Critiques

The National

First Two Pages of Frankenstein

  • 4AD
  • 2023
  • 48 minutes
7,5

Peu de groupes savent exprimer avec autant d’acuité des émotions comme la tristesse et la nostalgie que The National. Après plus de 20 ans d’existence et maintenant neuf albums au compteur, la formation de l’Ohio s’est bâti une identité dont elle a parfois du mal à se défaire, mais qui a néanmoins fait école, et l’émouvant et somptueux First Two Pages of Frankenstein en est une autre illustration éloquente.

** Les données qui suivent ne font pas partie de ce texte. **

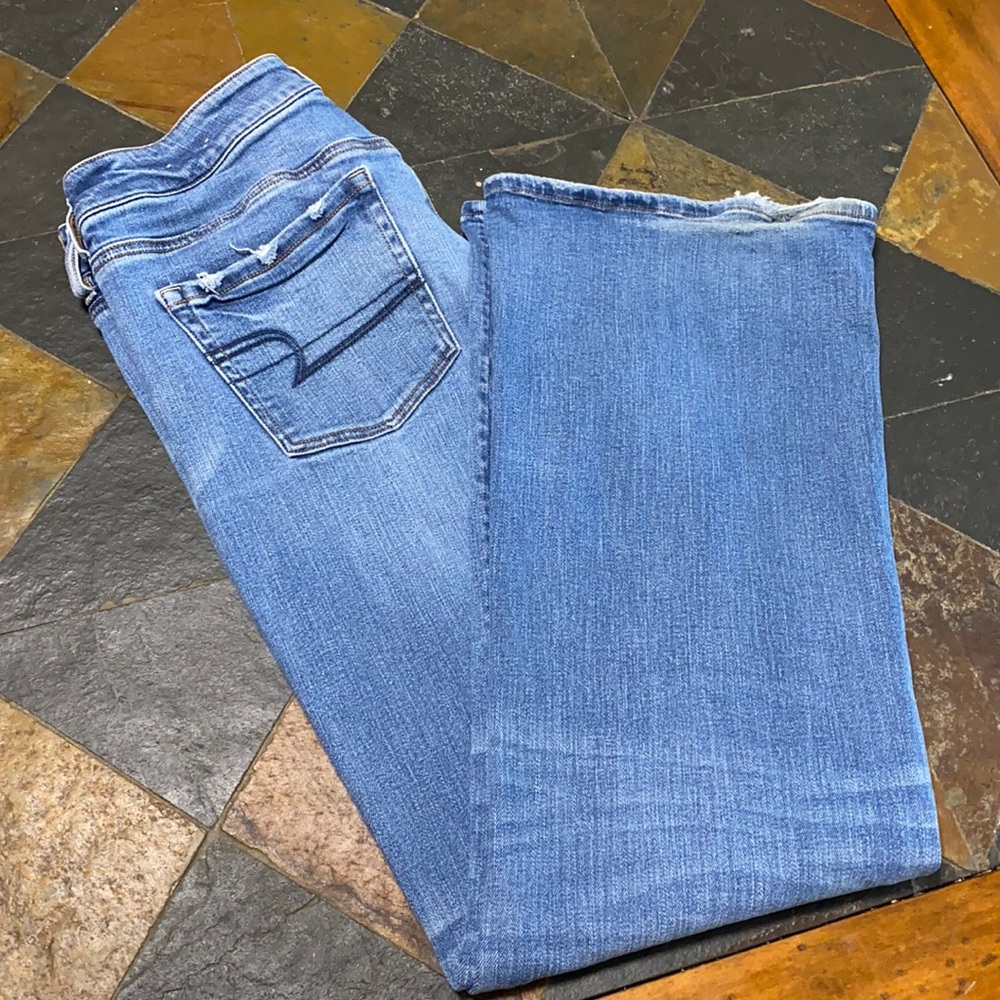 Women’s American Eagle Jeans. Great Condition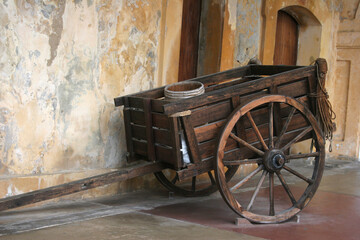 Obraz premium Historic Mule Cart at El Morro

Il y a quelques jours, le quotidien britannique The Telegraph a qualifié The National de « groupe rock le plus influent au monde ». Au-delà de la formule ampoulée et du désir évident d’attirer le lecteur avec une manchette-choc, la mention a de quoi faire réfléchir. En effet, depuis cinq ans, la formation indie a eu une influence marquée sur la musique pop, brouillant encore plus la frontière entre le rock dit « indépendant » et celui qualifié de mainstream. La méga-star Taylor Swift en a fait son groupe préféré, recrutant les services du multi-instrumentiste Aaron Dessner pour ses albums folklore et evermore, tous deux parus en 2020. Et voilà qu’Ed Sheeran s’apprête lui aussi à lancer un album entièrement co-produit et co-écrit avec Dessner.

Pour les fans de longue date de The National, ce revirement a de quoi faire sourire. De l’avis général, la formation a atteint son pic créatif dans la deuxième moitié de la décennie 2000, en plein âge d’or de l’indie rock, avec les classiques Alligator (2005), Boxer (2007) et High Violet (2010). Depuis, le quintette mené par Matt Berninger a continué de faire paraître des albums de qualité, mais s’est considérablement assagi, privilégiant les ballades douillettes en évitant les soubresauts. Bien sûr, ce virage s’est traduit par une plus grande reconnaissance de l’industrie, culminant en 2018 avec le Grammy de l’album alternatif de l’année pour Sleep Well Beast.

Au-delà des accolades et d’un plus grand succès populaire, il est clair que l’usure du temps a eu un impact sur la créativité de The National. Matt Berninger a d’ailleurs confié qu’il avait souffert du syndrome de la page blanche au moment de s’atteler à l’écriture de ce nouvel album. Le titre First Two Pages of Frankenstein est justement une référence littéraire à ce blocage, Berninger ayant pris l’habitude d’ouvrir un livre au hasard, lorsqu’il était confronté à un manque d’inspiration. Le classique de Mary Shelley aurait d’ailleurs inspiré la chanson Your Mind Is Not Your Friend, un des morceaux les plus introspectifs ici, sublimé par la voix de Phoebe Bridgers.

Sans chercher à se réinventer, Berninger et ses acolytes ont décidé de bâtir sur leurs forces, avec pour résultat que First Two Pages of Frankenstein est leur disque le plus cohésif depuis High Violet. En plus de Bridgers (qui chante aussi sur l’excellente This Isn’t Helping), The National s’est adjoint les services d’invités de marque pour ce nouvel album. De facture minimaliste, portée par de simples accords de piano, Once Upon a Poolside ouvre l’album de manière majestueuse, en partie grâce à l’apport (trop discret, il est vrai) de Sufjan Stevens aux chœurs. Même Taylor Swift obtient une apparition éclair sur The Alcott, qui met en scène un couple plombé par la fatigue d’une relation à long terme qui essaie de retrouver la magie des premiers jours.

La formation semble par ailleurs revigorée sur certains titres, et le travail rythmique des frères Scott et Bryan Devendorf à la basse et à la batterie y est pour beaucoup. L’entraînante Grease in Your Hair rappelle l’époque Alligator, tandis qu’Eucalyptus est du National pur jus, avec un autre texte poignant dont Berninger a le secret, cette fois sur un couple qui doit séparer ses biens après une rupture douloureuse. Quant à la très réussie Tropic Morning News, elle marie habilement les sonorités organiques et les rythmiques électroniques, avec un aspect à la War on Drugs.

Bien sûr, on ne confondra pas First Two Pages of Frankenstein avec les plus grands disques de The National, mais voici le travail de vétérans aguerris soucieux d’offrir une musique riche et sentie, à la fois plus concise et moins beige que sur le précédent I Am Easy to Find (2019). Même si leurs jours de gloire sont passés, il n’y a personne encore qui arrive à chanter la mélancolie d’une façon aussi juste.